So, we went to my room to get my insulin, figuring after I got my car we could go to the A & W restaurant which is right near the parking lot. We then walked to Marilyn's room, which was on the way to Budget Towing anyway, so she could get her money. We then headed out, and walked the long distance to where my car was, over some railroad tracks and down a dead end road. I walk in the door, and I am met face to face with the most humorless man I have ever met in my life. I tell him of my plight, and he says he needs to see a release form. I look around in my pockets, befuddled, and Marilyn says she didn't see me have it when we left my room. I say to the man, "I had the form, but I don't know what I did with it, what should I do?" Deadpan, he replies, "Git one." Marilyn and I look at each other, and we realize we are going to have to all the way back to my room to retrieve the form. Walking there and back, I remember the pain in my lower lumbar region, and make the remark that it will be nice to drive back to campus instead of having to walk. We get back to the towing place, and I give the guy the form. He tells me the charge is 90 dollars, and I protest that DPS told me it would be 75. He tells me I have to sign the form anyway, and I do so, telling him I have only $83 on me. He snaps at me to hand him his ink pen back, and then I ask him if I can just pay what I have. He says he'll take my money just to get me out of there. He didn't have to be a jerk about it.

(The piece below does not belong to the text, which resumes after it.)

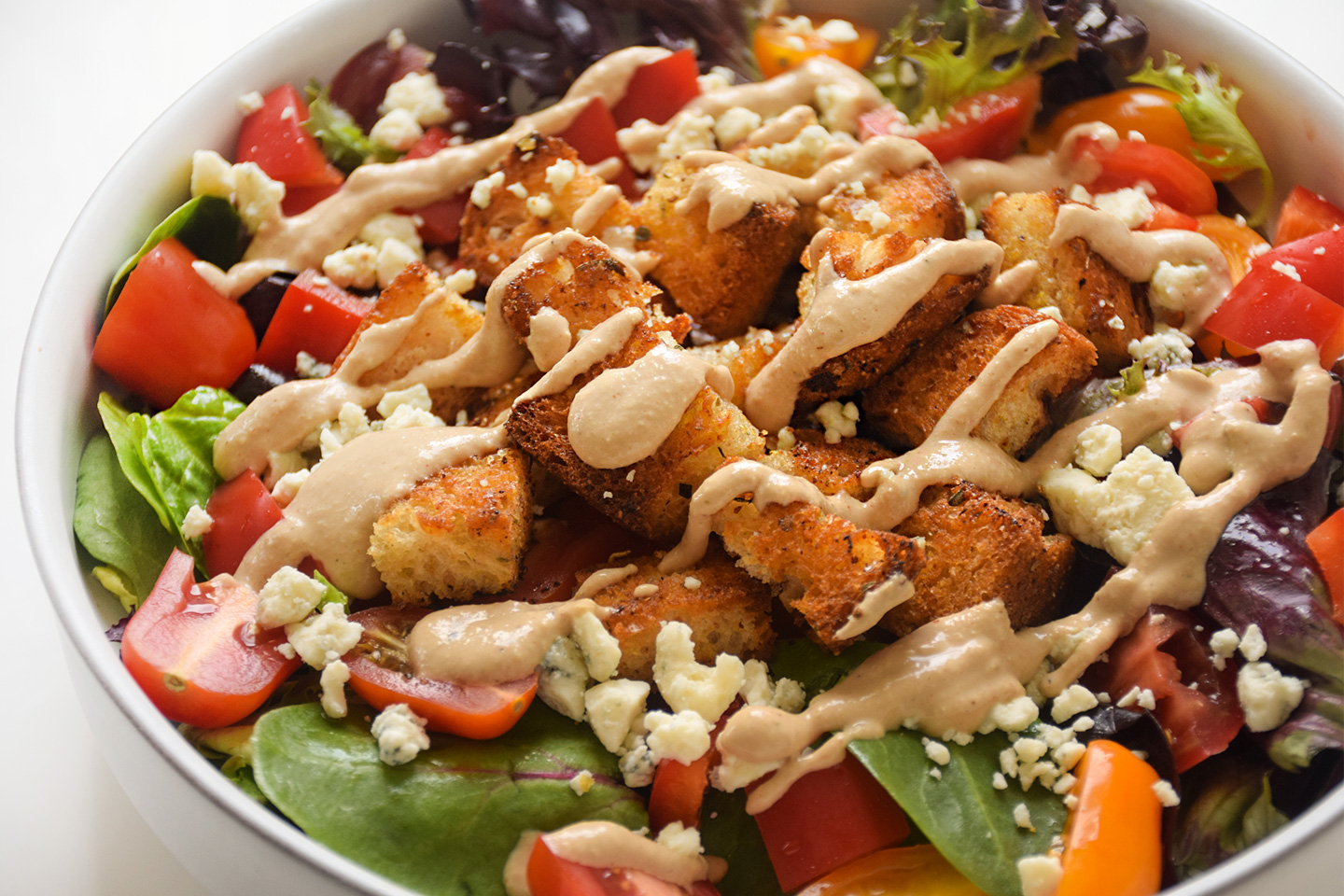 Crouton Salad with Cashew Balsamic Dressing - Bravabod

So, I get to my car, and see that the doors are unlocked. Thinking "That's strange," I get in the car, and realize that it's absolutely dead. Figuring it's gotten as bad as it can get, I tell Marilyn we'd better go face the guy from Satan's Towing one more time, just so we can get out of there. I walk in and tell them what happened, and they explain that maybe the cops inspected it and left the interior lights on, which would explain the dead battery. I give them my AAA card, and they tell me to go wait in my car. After waiting a little while, a guy comes along with a yellow jumper pack, and he hands me a form and a pen, telling me to sign it. I do this, and give him the form. He curtly tells me to give him his pen. Apparently all the ink pens there are gold plated.
So, he hooks the jumper pack to my battery, and upon starting it, I get sparks and smoke, but nothing more. He tells me to sit tight, assures me we'll be out of there in a few minutes, and walks away. Not much later, a young kid pulls up a very old car, and pops its hood. After stuggling to connect the cables to my car, he finally gets them in place and hooks the other ends to the old one. Trying seven or eight times with readjustments in between, he still couldn't get it started. He says he doesn't know what to tell me. I say to him that he has to fix it, the other guy at least got it to spark. He readjusts my cables, and then switches the positive and negative ends on the other car, and tells me to start it up. It struggles, but eventually we have power. Finally, we are free. Hoping I'd never see them again, with them likely thinking the same thing, I pull out of Budget Towing.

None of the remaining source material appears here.